La maudite aventure de l’Aquarius hantera durablement les consciences européennes. En violation des conventions internationales, du droit maritime et des principes les plus élémentaires dus aux personnes, les dirigeants ont délibérément laissé l’Aquarius et ses 629 exilés dériver dans la souffrance, la faim et la soif. Une honte absolue. Minables responsables européens, incapables de s’inventer un magistère éthique sur la scène internationale en plein fracas géopolitiques. La chancelière recule, l’Italie bascule dans l’horreur et, chez nous, en pleine discussion de l’odieux projet de loi asile-immigration, la politique du gouvernement en la matière provoque des haut-le-cœur… Le nouvel exécutif espagnol et les mairies progressistes du pays auront au moins sauvé l’honneur.
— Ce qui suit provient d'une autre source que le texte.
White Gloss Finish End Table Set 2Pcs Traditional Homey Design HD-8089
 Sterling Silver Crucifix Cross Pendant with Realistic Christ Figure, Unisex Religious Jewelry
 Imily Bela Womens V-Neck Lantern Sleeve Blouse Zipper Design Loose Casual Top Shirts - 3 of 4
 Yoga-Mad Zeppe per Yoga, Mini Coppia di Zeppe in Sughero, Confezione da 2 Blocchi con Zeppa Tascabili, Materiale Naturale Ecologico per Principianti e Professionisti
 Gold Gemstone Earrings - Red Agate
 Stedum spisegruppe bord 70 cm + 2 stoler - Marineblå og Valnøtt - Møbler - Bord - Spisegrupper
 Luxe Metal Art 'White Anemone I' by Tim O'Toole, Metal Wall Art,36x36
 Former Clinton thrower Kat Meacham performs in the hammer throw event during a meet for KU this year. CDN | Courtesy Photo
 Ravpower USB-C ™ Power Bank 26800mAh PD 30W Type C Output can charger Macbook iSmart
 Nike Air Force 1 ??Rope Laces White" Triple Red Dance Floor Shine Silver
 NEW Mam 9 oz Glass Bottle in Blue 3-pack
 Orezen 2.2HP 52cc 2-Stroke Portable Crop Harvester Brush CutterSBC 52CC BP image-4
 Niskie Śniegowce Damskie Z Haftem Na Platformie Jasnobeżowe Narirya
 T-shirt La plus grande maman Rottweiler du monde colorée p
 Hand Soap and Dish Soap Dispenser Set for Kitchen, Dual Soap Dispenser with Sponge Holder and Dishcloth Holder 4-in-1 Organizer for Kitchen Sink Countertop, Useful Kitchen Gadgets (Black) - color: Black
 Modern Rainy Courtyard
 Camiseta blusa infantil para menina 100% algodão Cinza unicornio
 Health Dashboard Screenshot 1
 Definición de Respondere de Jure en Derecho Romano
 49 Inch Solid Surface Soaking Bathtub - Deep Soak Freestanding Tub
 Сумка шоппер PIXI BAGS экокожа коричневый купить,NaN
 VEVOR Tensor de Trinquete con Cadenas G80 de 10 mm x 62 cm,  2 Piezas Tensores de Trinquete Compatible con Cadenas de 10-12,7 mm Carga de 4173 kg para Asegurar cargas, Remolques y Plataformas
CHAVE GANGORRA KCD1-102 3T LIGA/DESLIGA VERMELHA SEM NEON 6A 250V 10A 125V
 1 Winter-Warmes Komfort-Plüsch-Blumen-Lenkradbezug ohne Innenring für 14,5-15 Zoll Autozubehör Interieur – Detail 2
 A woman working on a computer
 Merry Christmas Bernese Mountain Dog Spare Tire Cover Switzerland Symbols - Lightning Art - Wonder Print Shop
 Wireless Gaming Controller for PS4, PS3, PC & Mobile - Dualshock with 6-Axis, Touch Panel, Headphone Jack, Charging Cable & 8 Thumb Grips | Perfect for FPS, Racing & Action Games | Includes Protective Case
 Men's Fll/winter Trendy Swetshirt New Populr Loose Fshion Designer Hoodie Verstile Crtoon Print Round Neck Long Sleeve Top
Pas question d’affirmer ici qu’il est simple d’accueillir. Mais nous parlons d’êtres humains. Et les défis humains obligent l’humanité tout entière. Il existe, par exemple, un invariant historique propre à la France: jamais dans notre histoire, en particulier au XXe siècle, la société ne s’est effondrée ni même affaiblie –au contraire– lorsqu’il fallut accueillir une part de nous-mêmes. La France est donc observée. Et nous désespérons qu’elle ne soit pas à l’initiative pour conjurer ce que devient le monde sous nos yeux: une planète de réfugiés.